Hallie Shoffner (’11) has been selected as one of 60 honorees in the latest class of the Presidential Leadership Scholars (PLS), a unique leadership development program and partnership among the presidential centers of George W. Bush, William J. Clinton, George H.W. Bush, and Lyndon B. Johnson.
For nearly a decade, PLS has served as a catalyst for a diverse network of established leaders brought together to collaborate and make a difference in the world. Scholars are presented with unique opportunities to hone their leadership abilities through interactions with former presidents, key administration officials, leading academics, and business and civic leaders.
Scholars are selected based on their leadership growth potential and their personal leadership projects aimed at improving civic engagement or social good by addressing a problem or need in their community, the country, or the world.
Shoffner is the CEO of SFR Seed, a 2,000-acre seed production farm growing rice, corn, wheat, and soybeans.
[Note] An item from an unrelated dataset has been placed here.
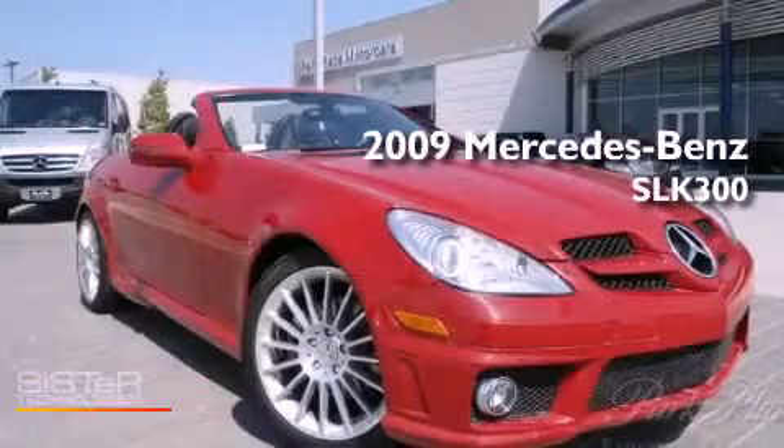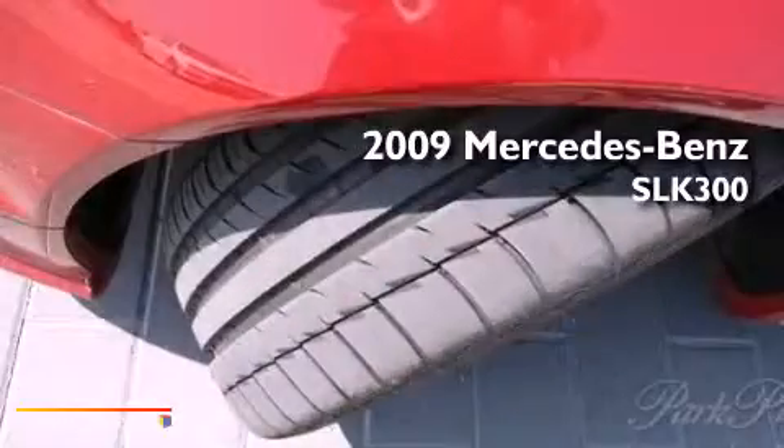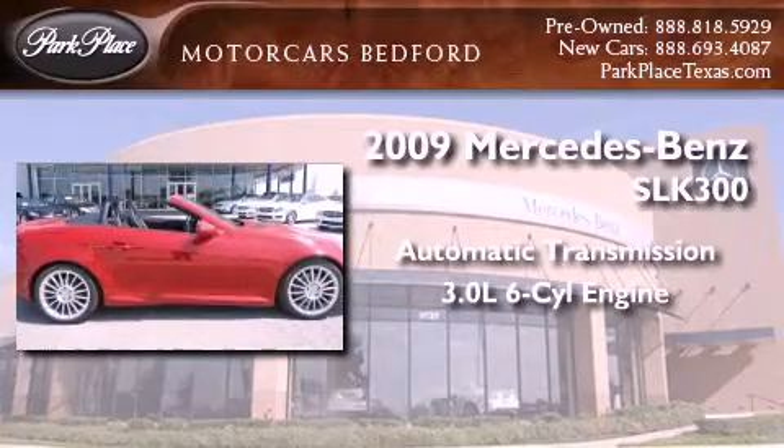This is a certified pre-owned 2009 Mercedes-Benz SLK 300. This convertible has an automatic transmission and a 3.0-liter V6.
A sixth-generation farmer and vocal climate activist, Shoffner advocates for more awareness of climate extremes and their detrimental effects on modern farmers and the food chain.
Over the course of several months, Shoffner and others will travel to each participating presidential center to learn from key former administration officials, business and civic leaders, and leading academics. They will study and put into practice varying leadership principles and exchange ideas to help maximize their impact in the communities they serve.
As a Clinton School student, Shoffner was part of a team that worked with the Arkansas Coalition for Excellence to create a handbook about nonprofit advocacy in Arkansas.
Shoffner completed her International Public Service Project and Capstone in Peru. For her IPSP, she developed a fundraising strategy for a Peruvian nonprofit focused on promoting gender equality. As part of her Capstone, she coordinated a cross-cultural program that educated Arkansas college students on social change, women’s rights, and the indigenous culture of Peru’s Amazonian region.
In addition to earning a Master of Public Service from the Clinton School, Shoffner earned a bachelor’s degree in literature from Vanderbilt University.